In the old thread I wrote a long post about some issues that I see in the proposal. I think most of the problems there are still relevant, so I would love to see them discussed here.
This post works differently. Each section starts with a Subprocess.run
snippet that will do one of:
- crash child
- crash parent
- deadlock child-parent
- deadlock parent
- make Swift Concurrency inoperable
This is going to be a long one, but you can run all of the code examples by yourself. "Pride and Prejudice.txt" is available at Project Gutenberg. Ubuntu 22.04.4 LTS, should work on macOS (it is actually even easier to deadlock there).
Collected
- limit
deadlocks
try await Subprocess.run(
executing: .at(FilePath("\(bin)/cat")),
arguments: ["Pride and Prejudice.txt"]
)
print("after")
Expected: prints "after"
Result:
- nothing is printed
- it seems to be hanging
cat
is visible in System Monitor even after a few minutes; deadlock
If we open in in the debugger we will see that it hangs on:
internal func captureStandardError() throws -> Data? {
guard case .collected(let limit, let readFd, _) = self.executionError else {
return nil
}
let captured = try readFd.read(upToLength: limit) // <-- here; limit is 131072
return Data(captured)
}
This is a blocking FileDescritor.read
on a cooperative thread. It should not deadlock, because when the cat
finishes it should just resume. (That said, a blocking read would not be my 1st choice in this case.)

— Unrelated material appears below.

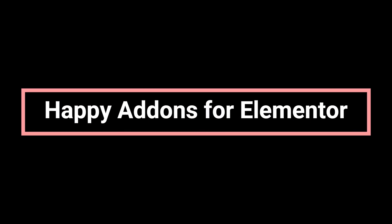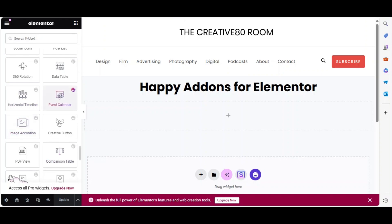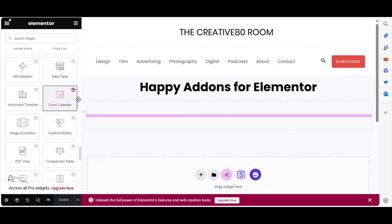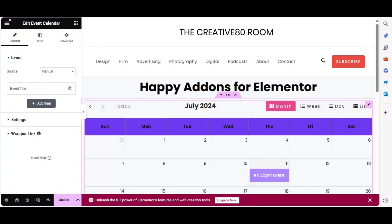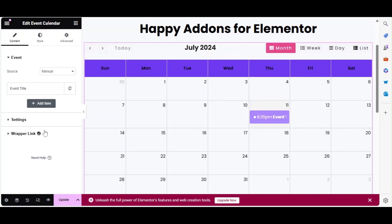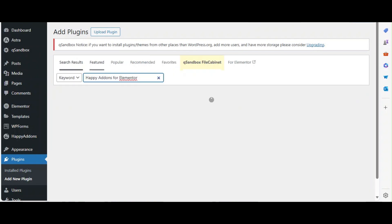Fourth on our list is Happy Add-ons for Elementor. It offers creative widgets and features like the events calendar widget. You can create an events calendar, add events to the calendar by day or date with links to other resources if required, and much more. To install, go to Plugins > Add New, search for Happy Add-ons for Elementor, and click Install Now and Activate.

The culprit is somewhere else. As it turns out the limit
that we specify does not only regulate the amount of bytes that we care about, but also sets an indirect limit on how much the process can write in total:
stdout <= limit
-
ok
stdout <= limit + pipe size
-
ok, but the output is truncated
stdout > limit + pipe size
-
deadlock
Am I the only one surprised by it? When I read the proposal I though of: git status limit(500)
will just take the first 500 bytes of the output and forget about the rest. But it turns out that "the rest" is critical, as it decides about the deadlock.
And remember that we have to set a limit. Either directly via the collect(limit: Int)
or indirectly via collect
. That said the proposal says: "By default, this limit is 16kb", but in code we have .collected(128 * 1024)
. So, to get 16kb I have to specify 128 * 1024
as an argument. What is the unit?
How about using Int.max
as a limit? Or Int.min
? Or -1
? All will crash with SIGILL
: illegal instruction operand. The code in PR will actually try to allocate Int.max
of memory:
extension FileDescriptor {
internal func read(upToLength maxLength: Int) throws -> [UInt8] {
let buffer: UnsafeMutableBufferPointer<UInt8> = .allocate(capacity: maxLength)
let readCount = try self.read(into: .init(buffer))
let resizedBuffer: UnsafeBufferPointer<UInt8> = .init(start: buffer.baseAddress, count: readCount)
return Array(resizedBuffer)
}
}
But what if we guess the total size of the stdout
wrong? It not only deadlocks, but also takes 2 cooperative threads with it: the read(stderr)
one and the waitpid
one.
The conditions for a deadlock are:
- we have a "chatty program" - it prints a lot
- we underestimated the output by pipe buffer size
Enter… the Swift compiler. It is a chatty program, and immediately upon seeing the proposal I thought of:
- git clone
- cd
- swift build
The standard CI stuff. This will work… for a while. But then our app will grow bigger: we will add dependencies, we will add more .swift
files, and it will cross the max stdout
and deadlock. If this does not convince you then just use swift test
, this will 100% deadlock after a few weeks.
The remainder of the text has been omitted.